De noite começou a choviscar. Tive que colocar a lona por cima, o que aumentou terrivelmente o calor. Na manhã seguinte, com um sol muito bonito, colocamos os cochonetes para ventilar e fomos convidados para tomar café juntos. Com a televisão ligada, ouvimos histórias sobre a vida do casal, como foram parar ali, em Potinga, já que eram de Curitiba, o trabalho de confeiteira de Irene, a lida na terra de Loepoldo, os filhos caminhoneiro e administrador que trabalhavam muito, os vizinhos que eram todos preguiçosos e ladrões, os políticos que não ajudavam, e por aí vai.


A estrada exalava vapor pela manhã e o sol já estava fritando. Chegamos em Tagaçaba pelo meio dia com muito calor e uma estrada poeirenta. A vila possui uma pequena infraestrutura turística de pousadas e restaurantes. Pelo que ouvimos falar, Tagaçaba é onde o pessoal pára quando vai para Guaraqueçaba. E nós decidimos passar o dia ali, descansando.

Para tanto, primeiramente fomos largar as coisas. Tínhamos duas referências: uma de um sujeito chamado Duka, que conhecemos no Rio do Nunes. Ele indicou a casa de um amigo, dizendo que não tinha erro. A outra, foi de dona Irene. "Assim que chegarem em Tagaçaba, passando a ponte, na primeira subida à esquerda: ali mora a Zuleide, que cuida da paróquia. É só bater e dizer que foi eu quem mandou."



E foi isso mesmo. Ficamos no galpão de festas da igreja católica, que ficava numa subida e de lá podíamos ver todo o vale. Disseram que sempre aparecia gente viajando e que deixavam o pessoal acampar ali.



Passamos o dia brincando no rio, lendo, comendo, descansando. De noite, o marido da Zuleide nos convidou para uma sopa, porém já estávamos comendo a nossa janta. Descemos mais tarde para conversar um pouco.


No dia seguinte, com o céu sempre nublado, passamos pela vila de Serra Negra do sargento Gaspar e depois de muita subida chegamos a um mirante quase em ruínas. Dali, tínhamos a visão de toda a planície litorânea até Guaraqueçaba e o relevo prometia ser mais ameno.







O bar do seu Gilson ficava na esquina que pegava para a Reserva do Salto Morato. Essa seria a nossa última parada antes de Guaraqueçaba. Tomamos um refri gelado e seguimos mais 4km na pior estrada de todos os tempos. Ficamos no camping deserto e saímos para conhecer o salto antes que escurecesse. Chegamos à cachoeira depois de 1,5km de trilha. Só podíamos ficar sentados, olhando em silêncio.

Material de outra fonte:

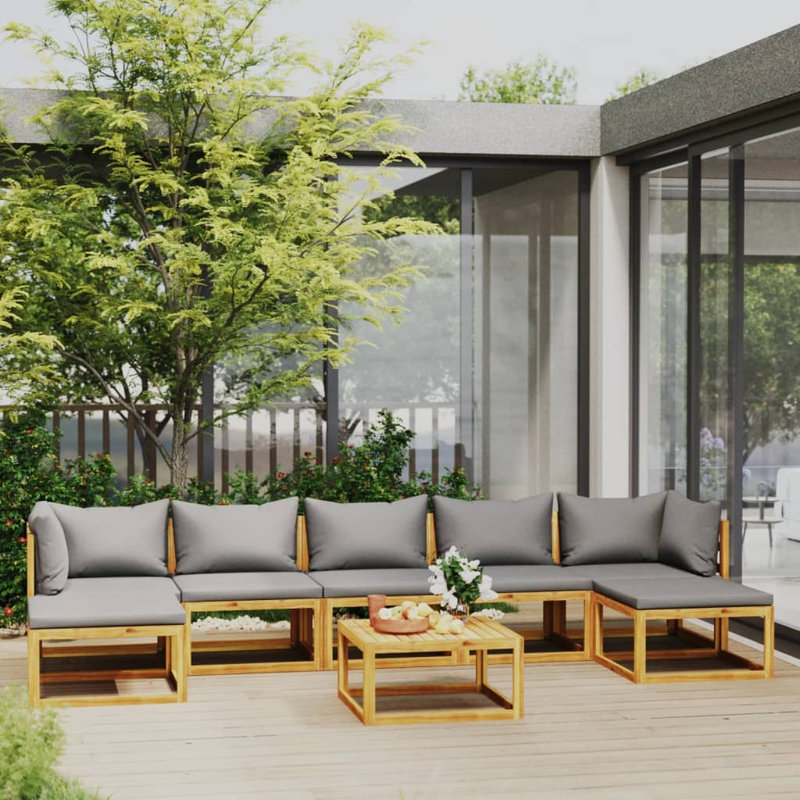 Chaise longue 9 pièces avec coussins, Gris foncé, 4x coin + milieu + table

No meio da trilha havia uma piscina natural, formada na curva do rio. Água gelada? Um pouquinho.



De volta ao camping, estávamos com um probleminha. Nossa comida estava dividida entre a janta de hoje e o café da manhã do dia seguinte. Era de tarde e a fome crescia. Perguntamos sobre a lanchonete que havia na reserva: "Fechou. Não vem tanta gente quanto eles imaginavam". Pensamos no bar do seu Gilson, na estrada ruim, no cansaso. Mas eis que surge o encarregado da reserva: "Vieram de Curitiba? Eu também gosto de pedalar e isso e aquilo". Era um cara de uns trinta anos que gostava de esportes no meio da natureza. "Olha, estou saindo para voltar só semana que vem. Tenho umas coisas na geladeira do refeitório que talvez vocês queiram. Vamos lá ver?". Pão, queijo, maçã e suco. Excelente! Ficamos tão contentes que a horda de mosquitos que nos atacava quase foi ignorada (mas era impossível).

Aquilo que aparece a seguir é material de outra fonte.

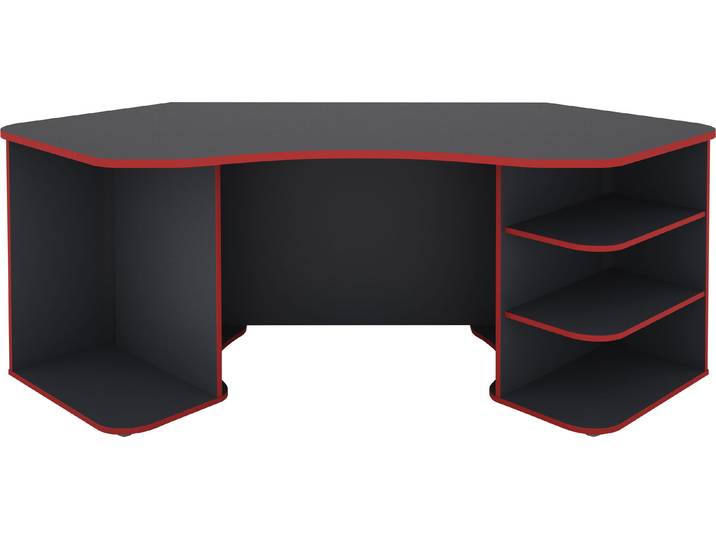 Gamingtisch BYLIVING Thanatos , rot (anthrazit, rot, anthrazit, rot, anthrazit, rot), B:198cm H:76cm T:85cm, Tische, Gamingtisch, Breite 198 cm, moderner Eckschreibtisch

No final da tarde, chegou um cara de moto sozinho. Roberto Carlos, soldador, trinta e poucos anos. Gostava de conversar e contou histórias sobre trilhas e passeios, coisa que fazia quando mais magro. Deu várias dicas de lugares para visitarmos nos arredores de Curitiba. Uma rara pessoa que, sendo trabalhadora comum e mesmo sozinha, sai no feriado para acampar e conhecer belezas naturais.






O caminho até Guaraqueçaba foi tranquilo. Havia muitas fontes de água cristalina que cruzavam a estrada, mas não paramos com medo dos mosquitos. A proximidade com a cidade se anunciava pelos morros desmatados e a areia branca no chão. Quando chegamos na estrada de paralelepípedo tive uma sensação ruim. Aquele era um lugar desolado, abandonado, onde tudo era feio e largado para apodrecer. Passamos por loteamentos onde as casa mais pareciam de uma periferia. Num município de 8,5 mil habitantes isso parece incabível! Entrando um pouco mais, passamos por casas de veraneio (?!) e adiante, depois de uma subida, fica o centro histórico.


Fomos direto comprar a passagem de volta por barco e buscar um lugar para comer. A passagem custava R$17 mais 15 da bicicleta. "Que absurdo! Como é que pode?! Acham que isso aqui é viagem pra lua? Turismo virou sinônimo de ladroagem ou o quê?" Depois disso a moça fez a bicicleta por 10, mas muito a contra gosto.


Sinceramente, Guaraqueçaba é apenas um lugar inóspito que, como boa parte do turismo litorâneo brasileiro, não oferece serviços de qualidade e cobra caro. Não tenho vontade de voltar lá e também não recomendo a ninguém (a não ser que vá de bicicleta, pois aí a cidade é apenas um pontinho no trajeto).

Tivemos muita sorte durante a viagem: não choveu nenhuma vez enquanto pedalávamos, conseguimos pouso no meio do nada com a dona Irene, nos ofereceram comida quando precisamos, nenhum pneu furou mesmo com a estrada daquele jeito e não passamos mal por causa de água ou comida. Os mosquitos atacaram sem piedade, por cima da roupa e ignorando qualquer repelente, o que tornou as noites um pouco difíceis. Mais uma vez, não estávamos preparados para chuva, que caso nos pegasse seria um desastre.

Foi a viagem mais difícil até agora, porém a mais aventureira.